Repeat the span of the entries below that starts at the line with "A kid practices" and ends at the line with "Blick auf Curaglia", nothing more. Skip the pictures.

### Record set

=-=-=

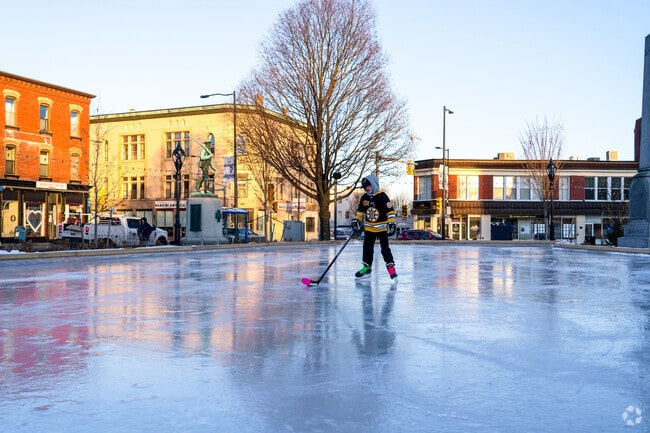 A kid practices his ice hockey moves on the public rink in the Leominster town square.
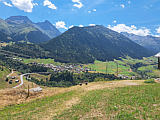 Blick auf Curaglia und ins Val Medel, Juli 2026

=-=-=

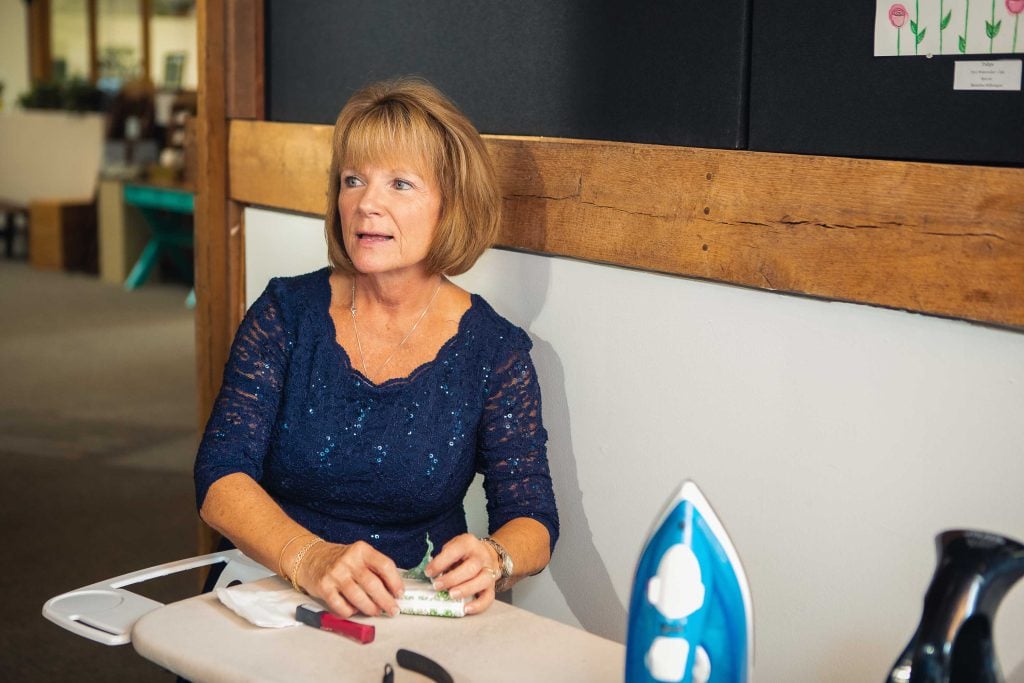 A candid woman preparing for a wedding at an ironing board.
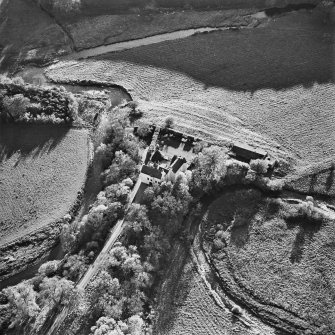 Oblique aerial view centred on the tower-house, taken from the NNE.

=-=-=

### Finished exercise
 A kid practices his ice hockey moves on the public rink in the Leominster town square.
 Blick auf Curaglia und ins Val Medel, Juli 2026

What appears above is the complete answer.